» **EXERCISE GOAL**
When you return the data, keep every word exact and include none of the images.

» **DATA BELOW**

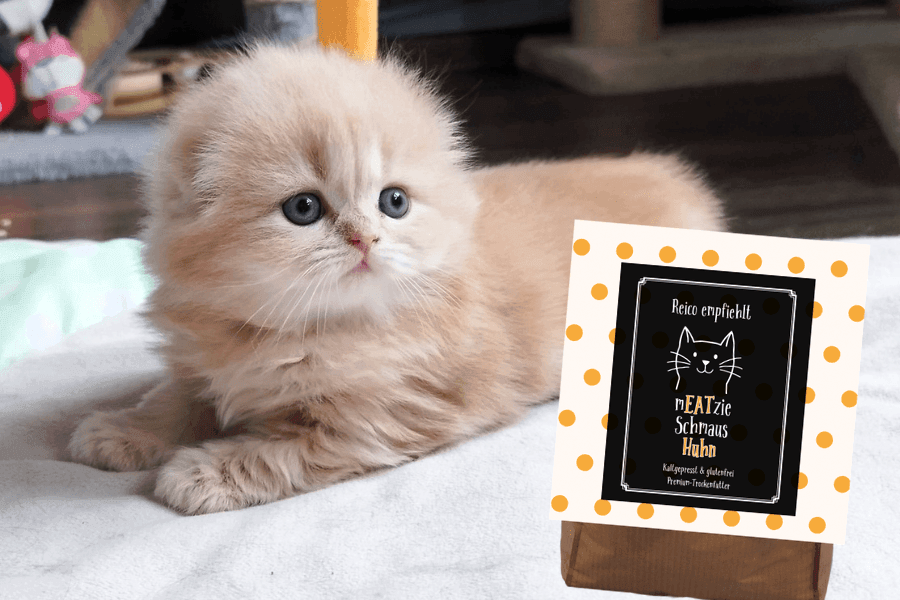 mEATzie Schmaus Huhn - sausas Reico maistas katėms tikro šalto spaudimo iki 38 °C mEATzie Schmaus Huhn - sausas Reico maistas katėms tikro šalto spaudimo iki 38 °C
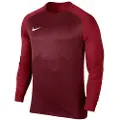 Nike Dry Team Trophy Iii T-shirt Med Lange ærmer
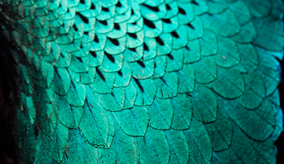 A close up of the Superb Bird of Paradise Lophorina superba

» **REPLY TO THE EXERCISE**
 mEATzie Schmaus Huhn - sausas Reico maistas katėms tikro šalto spaudimo iki 38 °C mEATzie Schmaus Huhn - sausas Reico maistas katėms tikro šalto spaudimo iki 38 °C
 Nike Dry Team Trophy Iii T-shirt Med Lange ærmer
 A close up of the Superb Bird of Paradise Lophorina superba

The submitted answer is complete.